Shortly after he resigned as managing director of PMI in April 2011, MacQuarrie wrapped up a purchase agreement for a 22-sq.-km slice of land called the Fahiakoba concession along the Ashanti-Ayanfuri gold trend in central Ghana.
Fahiakoba is an interesting piece of mineral real estate, with Perseus Mining’s (PRU-T) multi-million ounce Edikan gold project lying 6 km southwest and AngloGold Ashanti’s (AU-N) long-running Obuasi gold mine sitting 22 km to the northeast. Under the agreement Asante paid US$52,000 and agreed to spend US$1 million in exploration over a five-year term subject to a 3% net smelter return royalty (NSR).
Though surface mining of buried channels along the nearby Ofin River is ongoing, no modern exploration techniques have been attempted at Fahiakoba. Since at least 70% of the property is covered by transported alluvial material, Asante relied on two helicopter-flown geophysical surveys to outline structural trends and conductive zones — a strategy that has a history of success in Ghana.
The company found roughly 20 km of favorable shear zones along its concession, and began wide-spaced scout drilling in early 2012. Asante also punched 399 shallow auger holes to test saprolite for gold mineralization under river gravel and alluvium cover. Results from a maiden diamond drill program were released in June, with 3 of 14 holes hitting narrow zones of gold mineralization.
Drilling was highlighted by hole 12-5, which cut 0.5 metre grading 289 grams gold at 200 metres depth; and hole 12-3 with an intercept of 1 metre averaging 7.34 grams gold from 41 metres depth.

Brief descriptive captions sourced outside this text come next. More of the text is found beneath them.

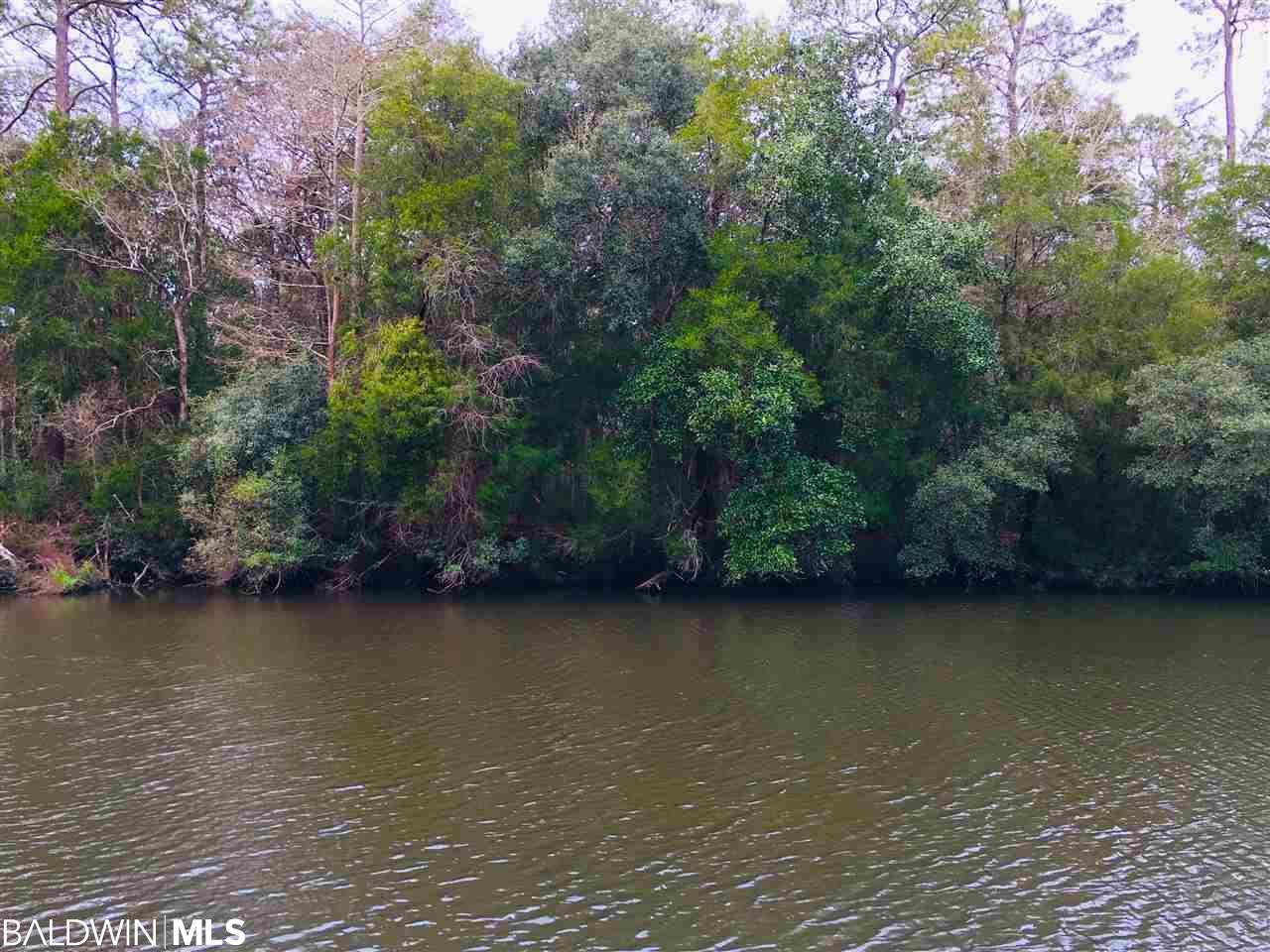 0 River Road - Photo 1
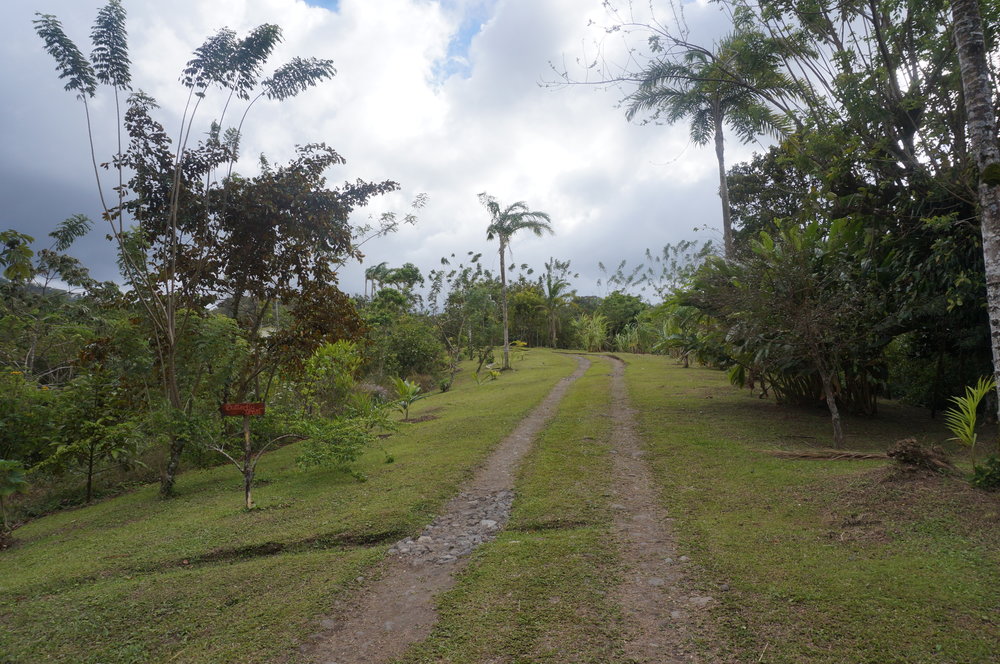 Organic farm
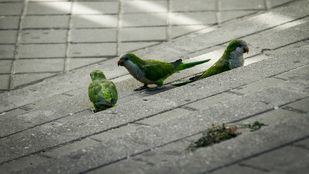 Cotorras argentinas: las vecinas más molestas de Coslada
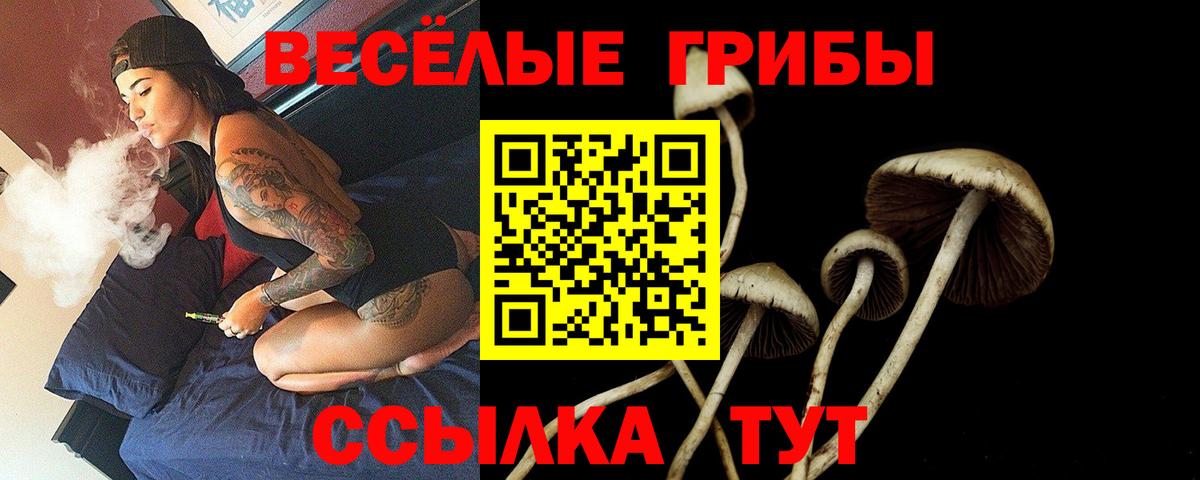 Галлюциногенные грибы GOLDEN TEACHER Тамбов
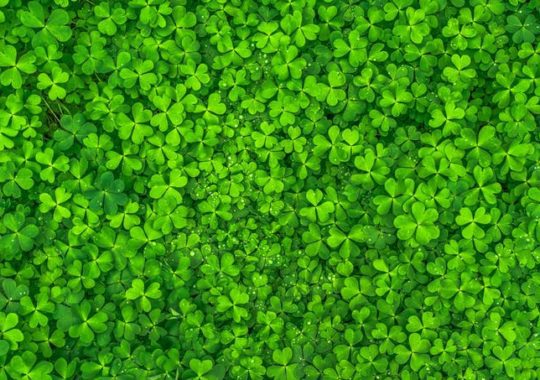 Celebrate Like the Irish on St Patricks Day, in Orlando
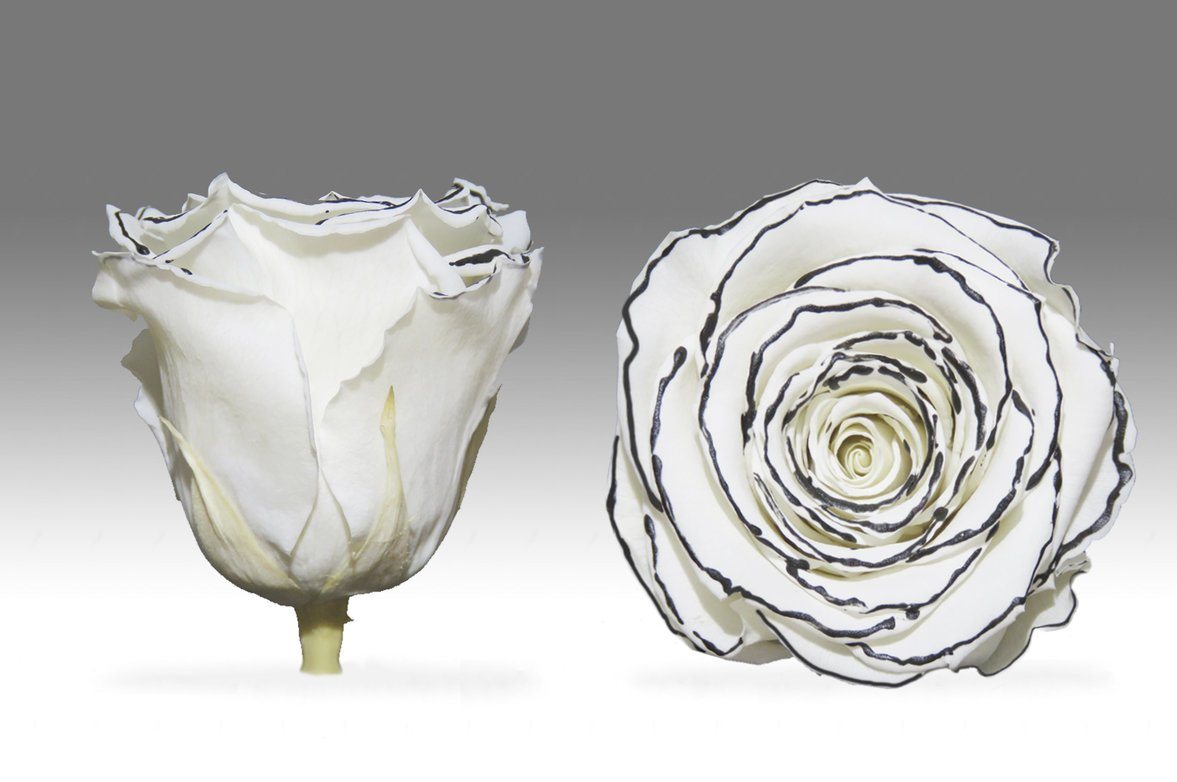 Caja Blanco Corazon de Rosas Eternas Blancas | The Prestige Roses - The Prestige Roses Madrid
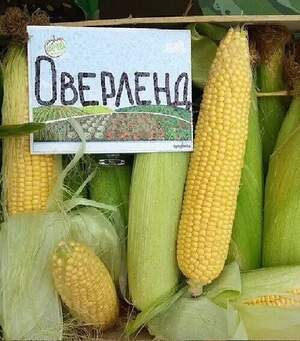 Кукуруз Оверленд F1  1 кг.  (Syngenta)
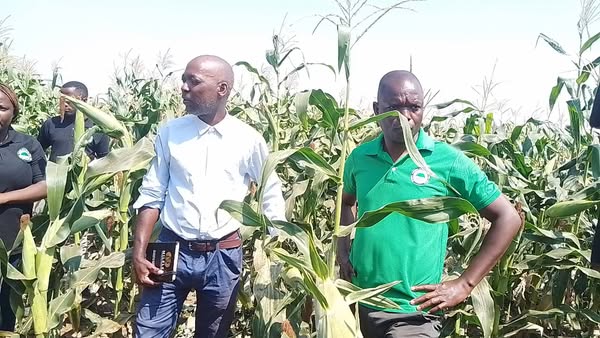 Farmers in Nkhotakota hail NEEF Micro-Irrigation Farm Input Loans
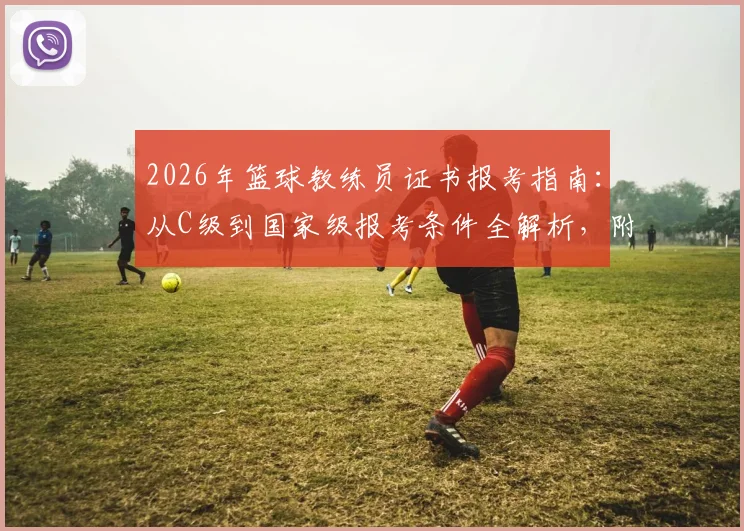 2026年篮球教练员证书报考指南：从C级到国家级报考条件全解析，附最新培训费用与机构选择要点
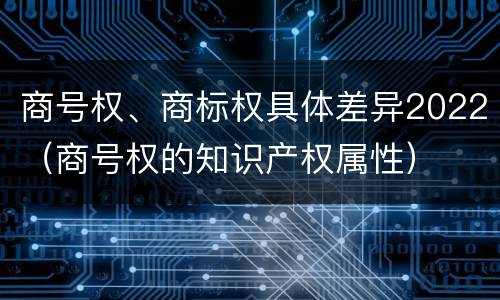 商号权、商标权具体差异2022（商号权的知识产权属性）
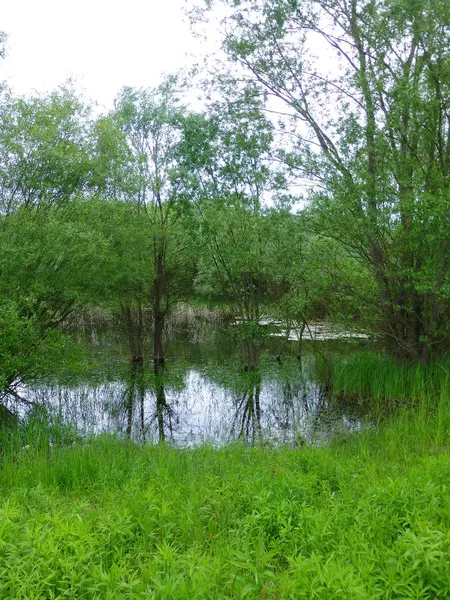 被树木和植物包围的小池塘 — 图库照片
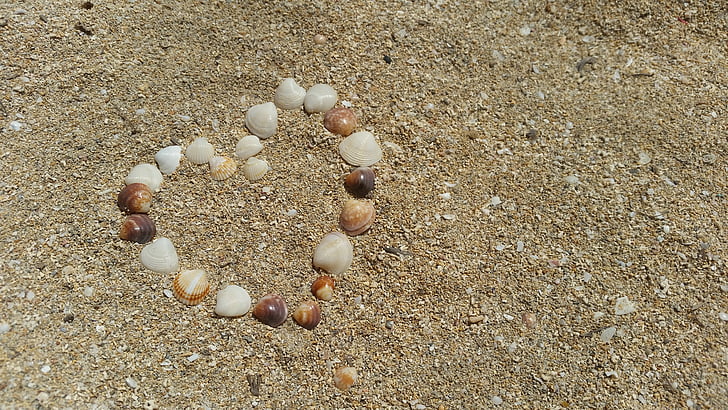 Shell, pasir, jantung, laut, liburan, Pantai, alam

“The initial drill results have confirmed that the Akropong and Edikan shear zones locally contain anomalous to highly-anomalous gold mineralization where they cross our Fahiakoba concession,” MacQuarrie said following the release, explaining that Asante was looking at acquisitions to augment its presence in Ghana. “The positive early results from the drilling, auger soil sampling and ground geophysical programs suggest that numerous high priority drill targets will be outlined.”
Asante kicked off a second drill program at six gold targets on the northeastern section of its property in mid-September. These targets have strike lengths of between 200 metres and 600 metres and are “co-incident with structural ‘breaks’ that have been interpreted from airborne and ground geophysical surveys.” The company expects to complete an additional 12 holes over 2,500 metres during its second round of drilling, with results scheduled for release this quarter.
MacQuarrie’s ties to PMI will continue under a royalty relationship that could provide Asante with reliable cash flows to fuel exploration. The company arranged to buy a 1% NSR at Obotan for $22.5 million in mid-November in an all-stock transaction that will see Asante issue 45 million shares valued at 50¢ — both the Fahiakoba acquisition and royalty deal were completed with Ghana-registered Goknet Mining, where MacQuarrie is managing director.
Asante hopes its NSR at Obotan could generate as much as US$3.7 million in annual revenue, assuming the operation meets its production estimates of 220,000 oz. of gold per year and spot gold prices remain around the US$1,700-per- oz. level.
The company maintains a tight equity structure with 20 million shares outstanding and 32% insider ownership. That could change, however, with Asante’s fully-diluted position potentially jumping to 77 million shares outstanding following the royalty acquisition and pending warrant exercises at 34.7¢ per share.
Asante has traded within a 52-week range of 15¢ and 65¢ and maintains a $4.8 million market capitalization at the time of writing. The company has trended within a tighter 20¢ to 30¢ range to start 2013, and closed at 24¢ per share at press time.